Concrete binary floating-point types, part 4
Signed zero, infinity, and NaN
Background:
IEEE 32-bit and 64-bit binary floating-point types have no more than one representation of each nonzero finite number, and each representation has only one encoding. (For historical reasons, the extended-precision 80-bit binary floating-point type does support a second, noncanonical encoding of some representations.)
Because the sign is represented independently of the significand, there are two representations of zero: positive zero and negative zero. They compare equal to one another but are not substitutable for all arithmetic operations. For example, the reciprocal of positive zero is positive infinity, but the reciprocal of negative zero is negative infinity. This behavior is specified by the IEEE 754 standard and is common to many languages.

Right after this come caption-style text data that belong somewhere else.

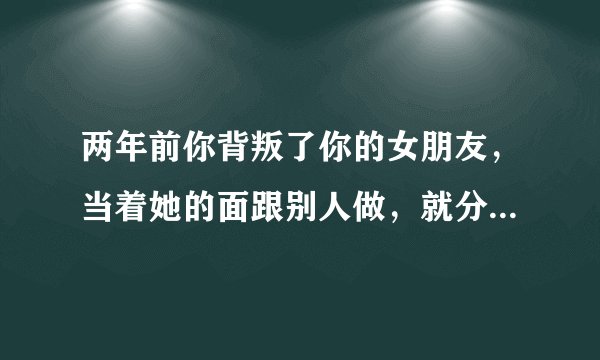 两年前你背叛了你的女朋友,当着她的面跟别人做,就分开了为什么两年后她突然找我说还是爱着我?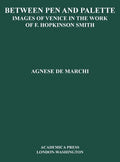 Between Palette and Pen: Images of Venice in the Work of F. Hopkinson Smith - Hardcover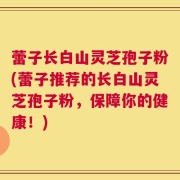 蕾子长白山灵芝孢子粉(蕾子推荐的长白山灵芝孢子粉，保障你的健康！)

When all the bits used to encode the exponent are nonzero, the encoded value is not finite. Instead, that value is positive infinity, negative infinity, or NaN (“not a number”). The rationale for supporting these values is beyond the scope of this article. Briefly, however:
The result of an operation that is too large in magnitude to be represented as a finite value overflows to positive or negative infinity. (The result of an operation that is too small in magnitude to be represented as a nonzero value underflows to zero.)
Dividing 0.0 by 0.0 is considered “invalid” and the result of that operation is NaN, as specified by the IEEE 754 standard. Other cases in which the result of an operation is NaN are carefully enumerated by the standard; the rationale for such behavior is well beyond the scope of this article.

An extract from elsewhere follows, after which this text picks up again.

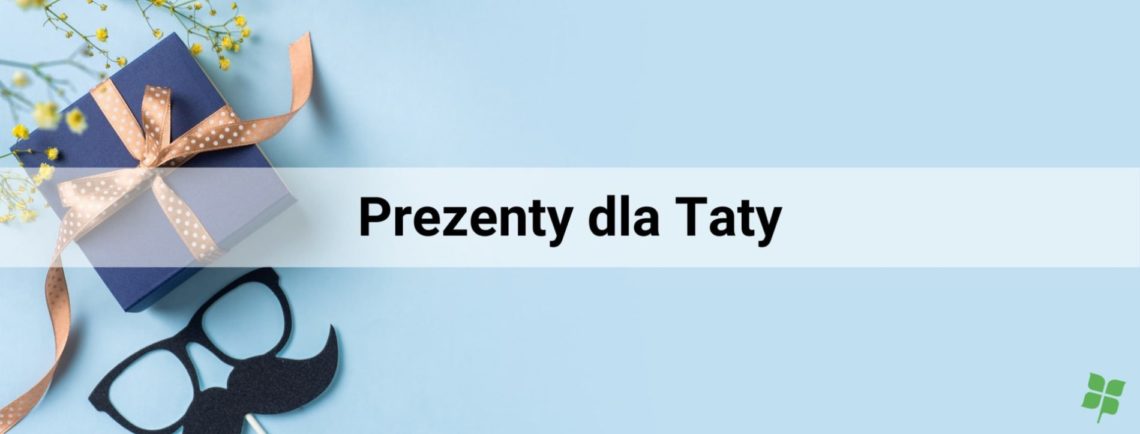 prezenty na dzien ojca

However, for the present purposes, it’s helpful to know that NaN results can be propagated safely (not unlike “optional chaining” in Swift) through most subsequent floating-point calculations so that it’s generally unnecessary to check whether each intermediate result is NaN during a complicated calculation (if the ultimate result is of a floating-point type that can represent NaN). The behavior of NaN operands can be different if using an alternative floating-point exception behavior; as previously mentioned, it’s not possible to change the floating-point exception behavior in Swift.
NaN values can be counterintuitive for users unfamiliar with floating-point arithmetic. The IEEE 754 standard requires that NaN compare not equal to any value, including itself. Many generic algorithms expect reflexivity of equality–that is, every value should be equal to itself–but this expectation does not hold in the case of NaNs.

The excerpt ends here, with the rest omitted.